Mittwoch, 22. April 2020

Der Wundertäter - Erwin Strittmatter

„Der Wundertäter“ von Erwin Strittmatter ist vermutlich eines der umfangreichsten Werke, die ich je gelesen habe – wenn nicht das umfangreichste überhaupt. Mehr als 1500 Seiten lang begleitet man als Leser Stanislaus Büdner durch sein Leben, aufgeschrieben in drei Teilen. Er wird 1909 in eine ärmliche Familie hineingeboren und sein Vater versucht ihn schon als Kind als „Wundertäter“ zu vermarkten.
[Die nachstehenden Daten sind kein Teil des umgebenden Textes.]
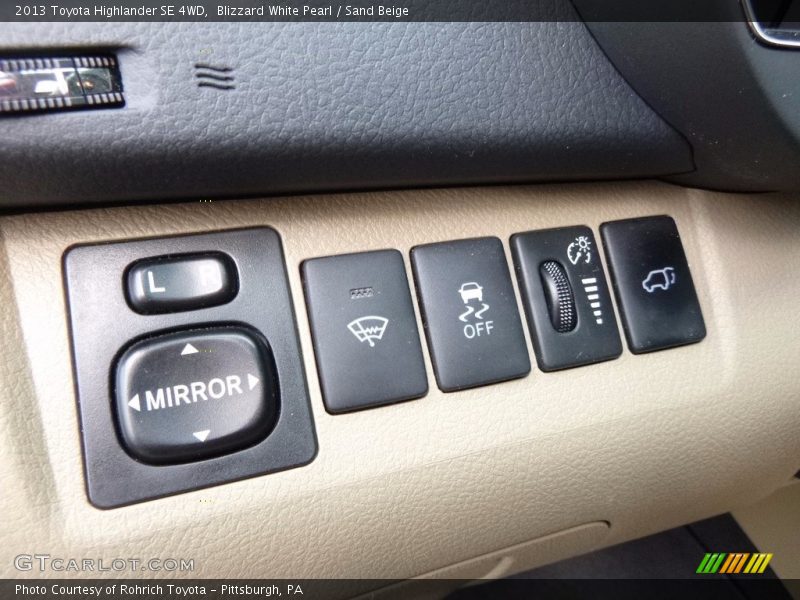 Blizzard White Pearl / Sand Beige 2013 Toyota Highlander SE 4WD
Später beginnt er seine Lehr- und Wanderjahre als Bäckerlehrling, liebt mal die eine, mal die andere, wechselt häufig die Gesellenstellen und nach dem Krieg verdingt er sich an den verschiedensten Orten in den verschiedensten Berufen und endet in der DDR. Immer wieder flammt sein Wunsch auf, Dichter zu werden, bis er zuletzt seine Erinnerungen zu Papier bringt. Trotz seines angefangenen Fernstudiums ist und bleibt Büdner ein schriftstellerischer Autodidakt, ein autobiografisches Element, denn auch Strittmatter hatte eine Bäcker-Lehre abgeschlossen, aber keine Ausbildung genossen, die ihm als Grundlage für seine Autoren-Tätigkeit diente.

Das Buch ist wohl eines der meistdiskutierten Werke der Literaturgeschichte und sowohl im Umfang als auch in der Sprache keine leichte Lektüre. Die Sprache ist die der Zeit, in der das Buch spielt, aus heutiger Sicht also eher altbacken und überholt, gewöhnungsbedürftig, aber durchaus passend. Der Autor schreibt bildgewaltig und jedes einzelne Wort scheint gut überlegt und keines ist zufällig. Selbst die Namen der unwichtigsten Nebencharaktere haben in sich eine Aussage, passend zu Aussehen, Stellung oder Beruf der Person. Auch die Worte, derer sich Strittmatter bedient, sind grandios. Eine Mischung aus wunderbar und sonderbar, aber immer stimmig.

Spannung gibt es in dem Buch kaum, was aber nicht heißt, dass es langweilig ist. Es ist ein Epos, ein Jahrhundertroman. Voller Zeit- und Gesellschaftskritik, dazu hat es Elemente eines Liebes- und eines Schelmenromans. Eine wilde und bunte Mischung aus literarischen Stilen, passend zu der wilden und bunten Mischung der Personen. Protagonist Stanislaus ist ein interessanter Charakter. Irgendwo zwischen naiv und gerissen, einfältigem Tölpel und gut- und leichtgläubigem Trottel. Natürlich altert er im Lauf der Geschichte (man liest nur ab und zu und im Kontext heraus, dass wieder ein Jahr vergangen ist oder zum Beispiel, dass er inzwischen eine Halbglatze hat), aber wirklich schlauer wird er nicht. Seine immer wieder aufflammende Liebe zu Literatur und Dichtkunst ist ebenso wie seine ständige Verliebtheit in irgendwelche Frauen durch alle drei Teile präsent. Auch Büdners Verhältnis zu Frauen hat einen autobiografischen Touch. Das Buch ist Strittmatters dritter Frau Eva gewidmet (dem, der mehr über Erwin und Eva Strittmatter lesen möchte, dem sei „Du bist mein zweites Ich“ ans Herz gelegt). Das Buch hat einige Längen, bedingt durch die größtenteils minutiösen Beschreibungen und manches kann man getrost querlesen, ohne den roten Faden zu verlieren. Aber alles in allem fand ich es für ein Buch dieses Umfangs gut zu lesen und auch mit dem „ostdeutschen Flair“ hatte ich keine Schwierigkeiten. Ob es ein literarisches Meisterwerk ist, vermag ich nicht zu beurteilen, Strittmatter ist nicht meine Zeit und nicht meine literarische Welt. Ich fühlte mich gut unterhalten, zum ausgiebigen Nachdenken angeregt und manchmal musste ich herzhaft lachen – die Wortwahl und –Wortschöpfungen des Autors sind zum Teil lustig aber auch immer hintergründig.

Fast 30 Jahre hat der Autor an dem Werk gearbeitet, vieles davon ist vermutlich autobiografisch, so hat beispielsweise auch Strittmatter Bäcker gelernt und die Zeiten, über die er schreibt auch selbst erlebt. In den Zeilen und dazwischen ist viel Kritik, viel Augenzwinkern und zum Teil aber auch Verbitterung zu lesen.

Obwohl ich mich manchmal durchkämpfen musste, finde ich das Buch im Rückblich lesenswert und sowohl einzig- als auch eigenartig. Von mir vier Sterne.